Chris Strachwitz, by the way, has been the subject of featured stories in the major blues publications and blogs recently, coinciding with the release of Hear Me Howling! Blues, Ballads, and Beyond and the companion book, Down Home Music, A Journey Through The Heartland 1963. Govenar features him prominently in his book because of the relationship he had with Hopkins', going back to the fifties. Strachwitz recorded numerous sides of Hopkins and was his promoter for many concert appearances, especially on the West Coast. Even Strachwitz admits that his favorite recordings of Lightnin' were the Herald recordings and that those were the ones he heard first that convinced him to travel to Houston in order to seek out Hopkins. I do need to mention, since I blogged about tracking down Jeff Carp, that Strachwitz captured a great version of Rock Me Baby with Carp blowing some kind of fat backed Chi-town type blues harp. Sorta proves that Lightnin' could have given those cats up there a run for there money at their own game. Speaking of a run for their money, the bio points out that Lightnin' Hopkins pretty much out sold Muddy Waters in the early fifties and they more or less swapped that lead back and forth throughout the decade. Lightnin' certainly traveled a great deal more than I realized. Seems that California and New York City were second homes for him whenever he decided to leave Texas. Even though he hated flying, it seems that he was still touring Europe and places like Japan just a few years before he passed away in 1982.

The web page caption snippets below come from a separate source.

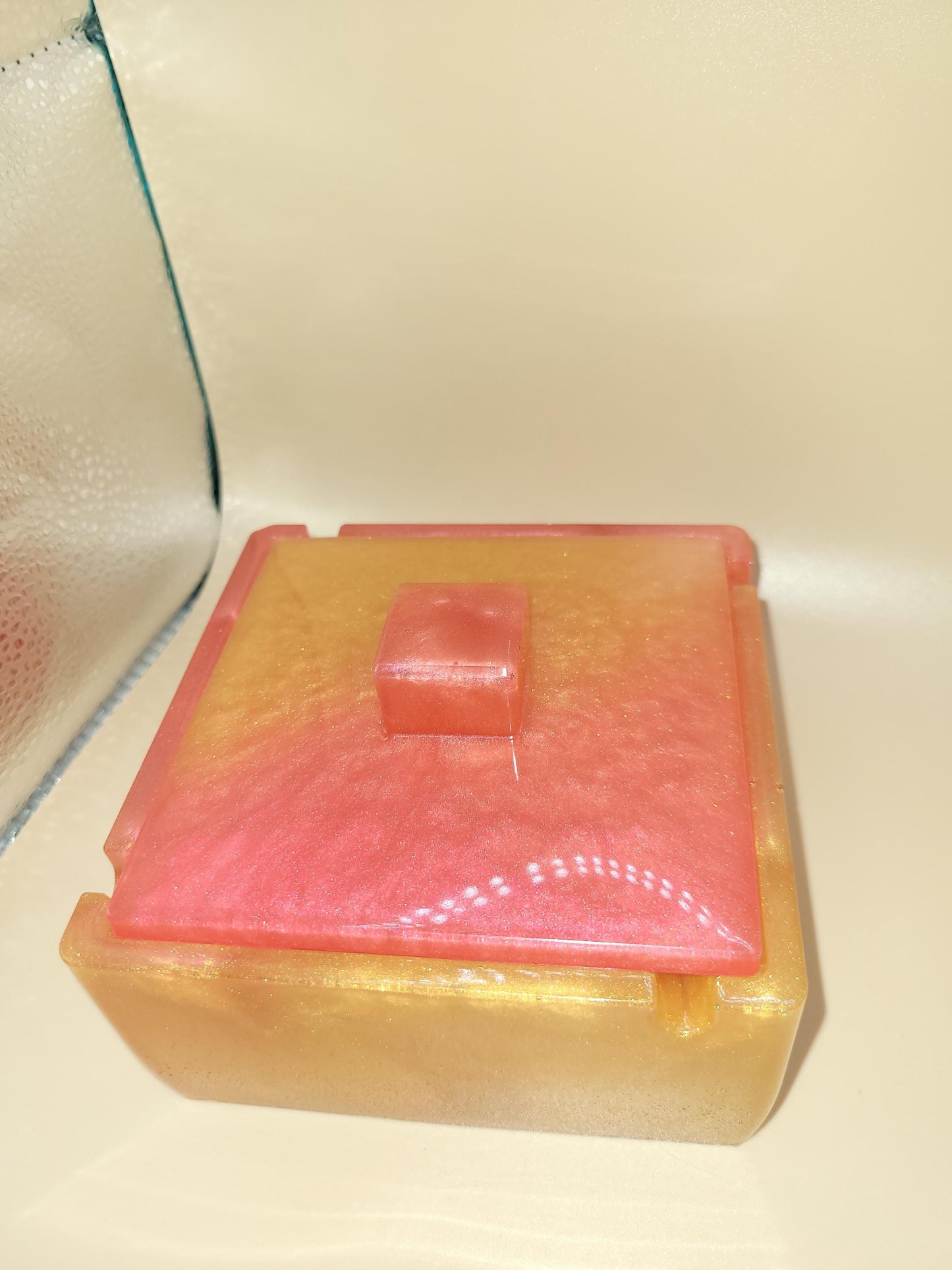 ASHTRAY WITH LID
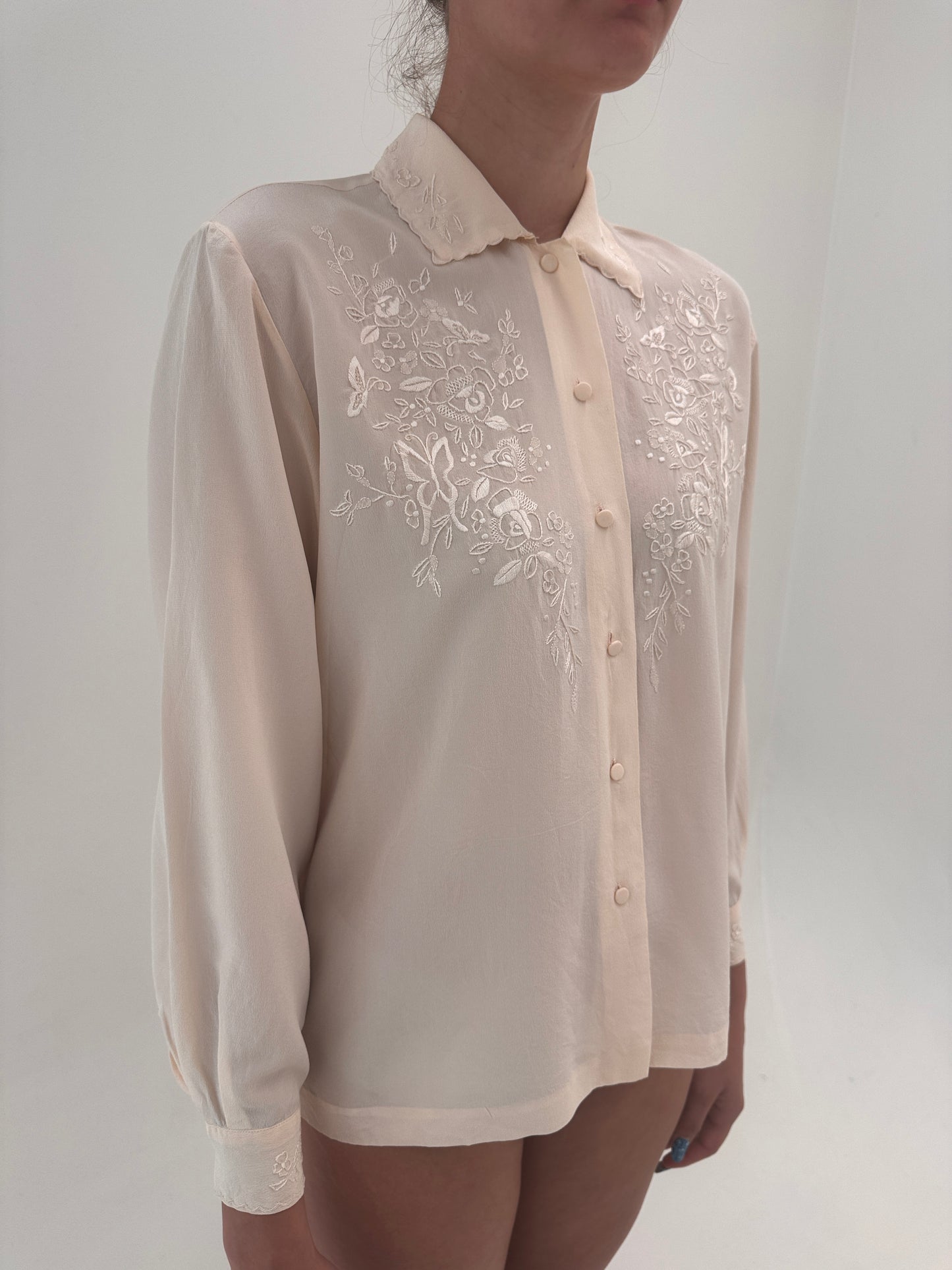 Cămașa bijuterie din mătase naturală cu broderie manuală powder pink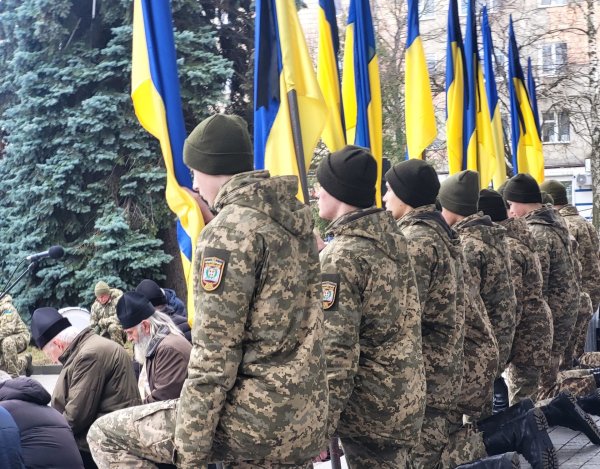 Прощавай, «Батя»: у Ковелі віддали останню шану воїну, захиснику, Герою Володимиру Крисюку Прощавай, «Батя»: у Ковелі віддали останню шану воїну, захиснику, Герою Володимиру Крисюку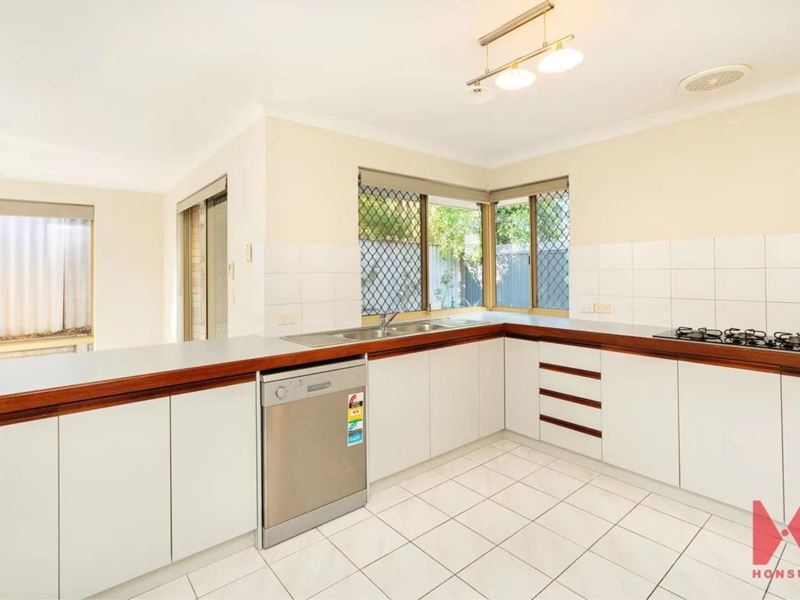 34A Moolyeen, Mount Pleasant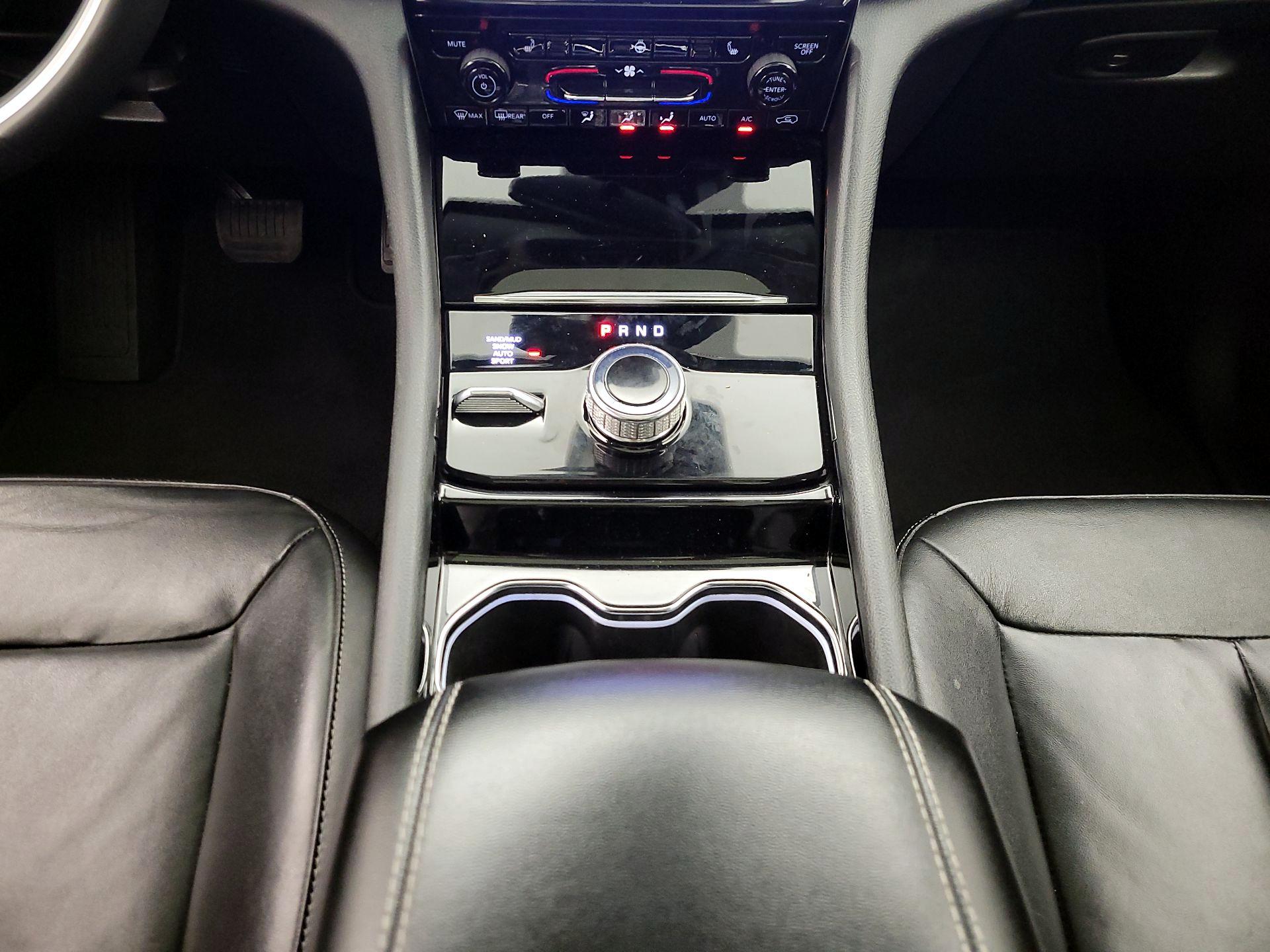 Thumbnail: 2022 Jeep Grand Cherokee - 18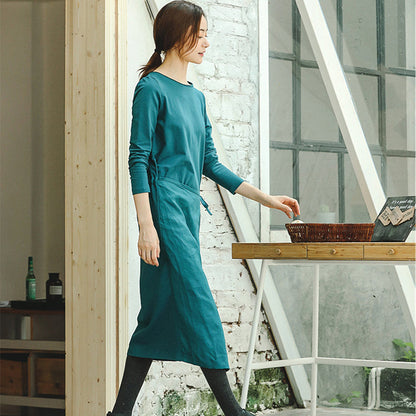 Feines blaues Kleider in Übergröße mit asymmetrischem Taillenbund und feinem O-Ausschnitt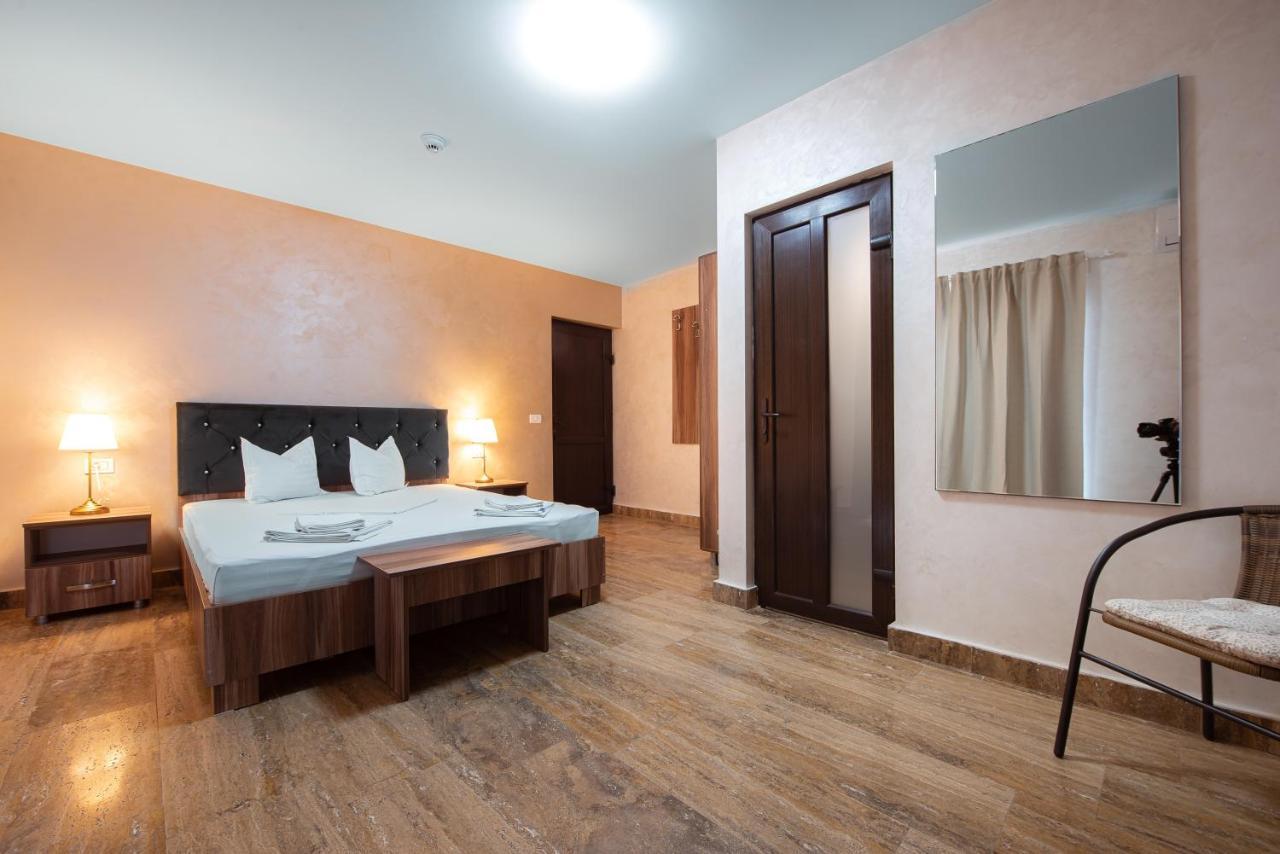 La Dudu Hotell Vama Veche Eksteriør bilde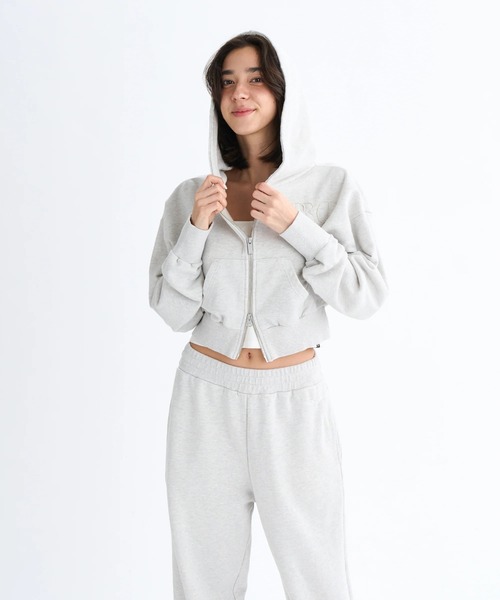 ROXY（ロキシー）の「YOLO ZIP /ロキシー空港コーデクロップド丈パッチワークロゴジップアップフーディー・パーカー(空港コーデ）（パーカー・レディース・ブラック/ピンク/グレー・SMALL/MEDIUM/LARGE）」の8枚目の写真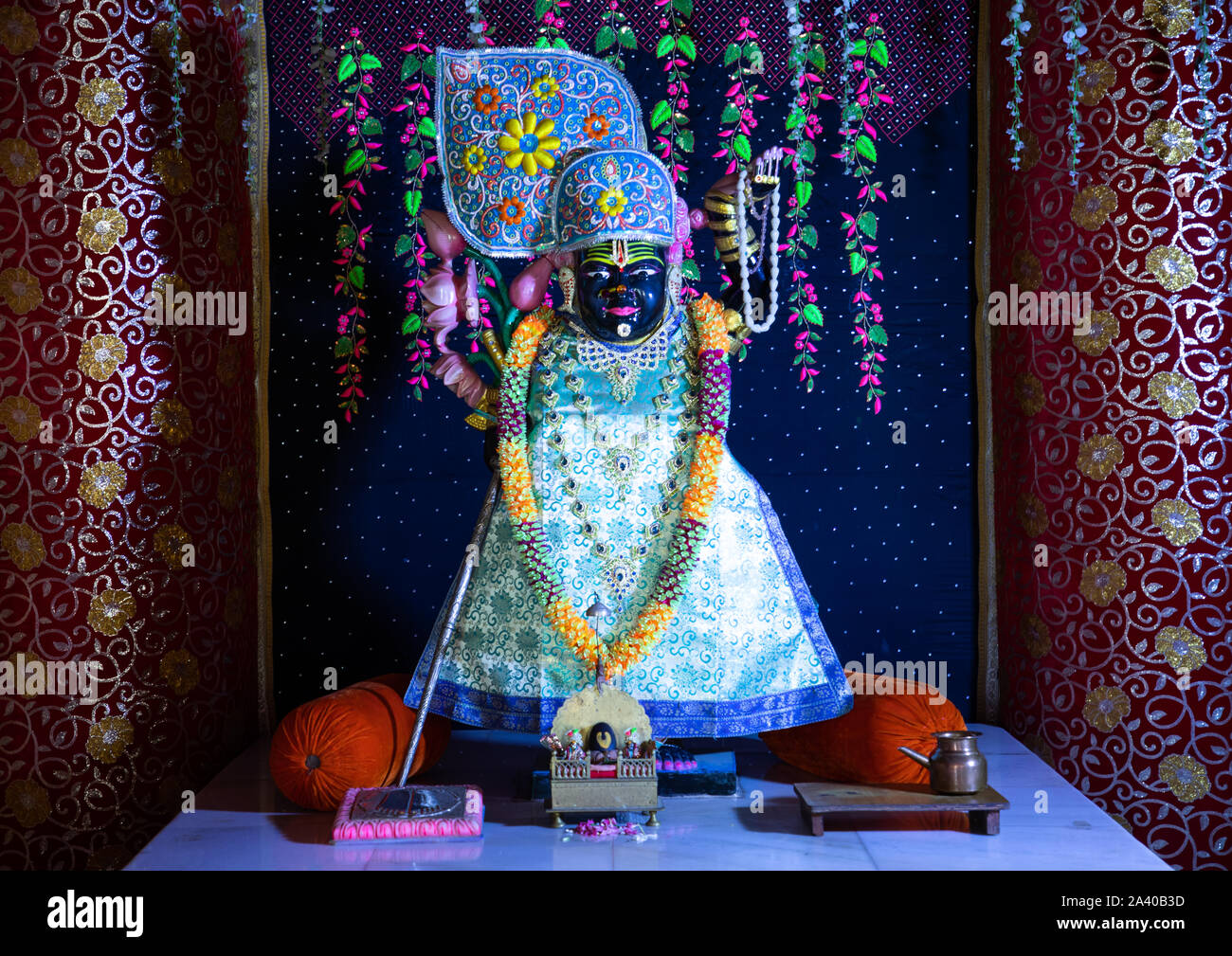 Idolo religiosa statua in Giriraj dharan mandir, Rajasthan, Dausa, India Foto Stock
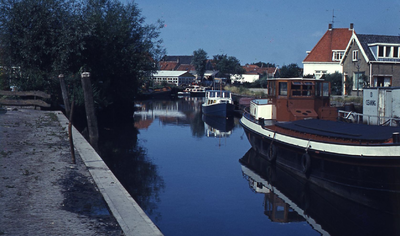 DIA43166 De Haven van Spijkenisse, woningen langs de Oostkade; ca. 1969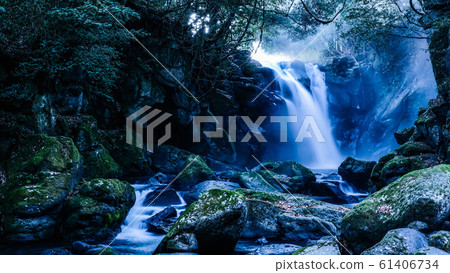 Meoto Falls (Aso) 61406734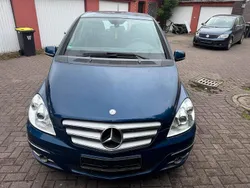 Blau Gebraucht 2010 Mercedes B160 Van / Kleinbus | 2.600 €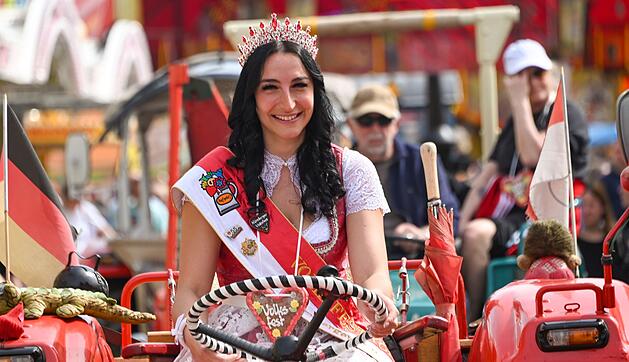 Nürnberger Frühlingsfest mit Rekordbesuch: 85 historische Traktoren auf Rundfahrt
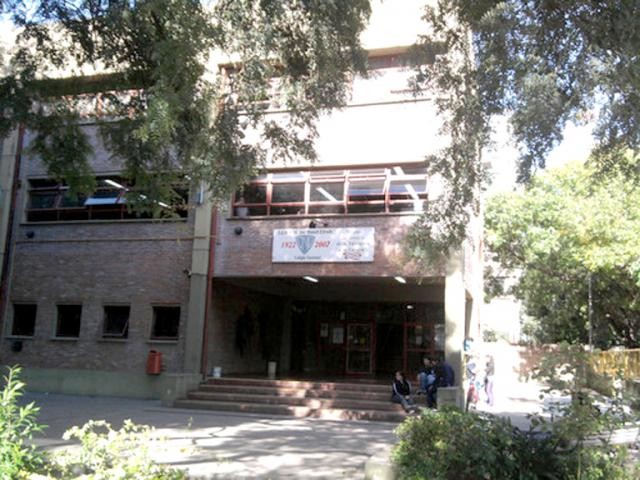 Detienen a un docente por hacer una falsa amenaza de bomba | Actualidad
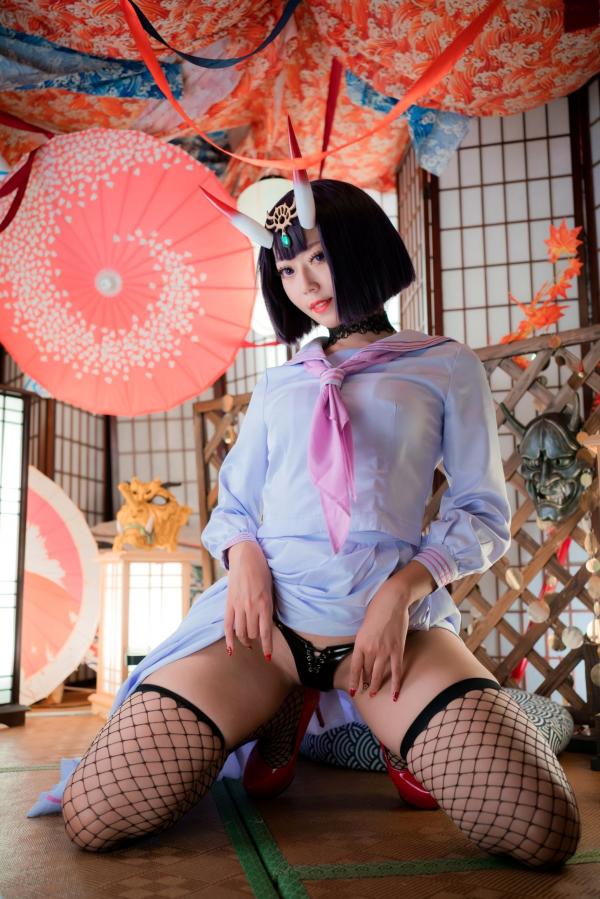    Money冷冷-006-酒吞童子二次元Cosplay私房写真，清纯校服搭配诱惑网袜与红高跟，邪魅鬼面具背景下的极致诱惑第24张图片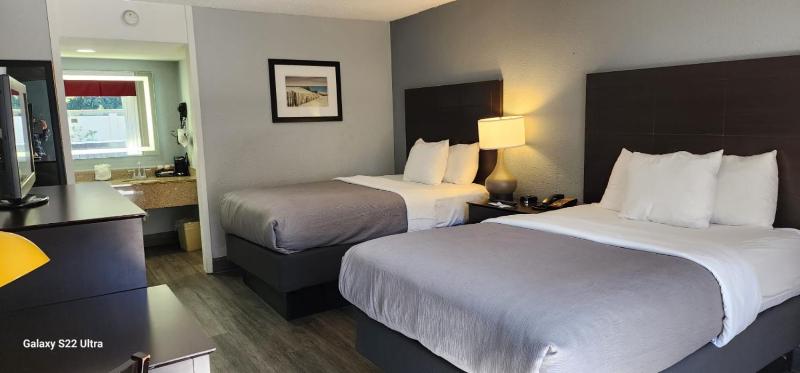 Standard Room with Two Double Beds - Non-Smoking image 1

I'd read accounts of Strachwitz's adventures into the Third Ward prior to Govenar's book because I've read liner notes and blues magazine interviews for decades now. Same thing with Charters and Mack McCormick. Govenar calls up a lot of what I've read, but the value is in the reams of additional information that he has sussed out from these guys and others who knew Po' Lightnin' intimately, like Texas Johnny Brown or Ed and Bernie Pearl who operated the Ash Grove folk music club in Los Angeles and booked Lightnin' throughout the '60s. I especially enjoyed the tales of J.J. Phillips, who made a pilgrimage from California to meet her hero. The light skinned African American teenager, who could pass as white, found her target in the Third Ward and after several trips, eventually established an intimate relationship with the blues bard. She documented the experience and fictionalized it in the novel, Mojo Hand: An Orphic Tale. Her recollections of hangin' with Lightnin' are priceless, so are Govenar's documentation of the musician's life. Put down Lightnin' Hopkins His Life and Blues by Alan Govenar on the "gotta it read" list.
P.S.--Speaking of books, don't forget to keep River Bottom Blues on your radar. It won't be out until the Fall of 2011, so I'll throw a little reminder out every once and awhile. Who could pass up a crime novel featuring blues harp players?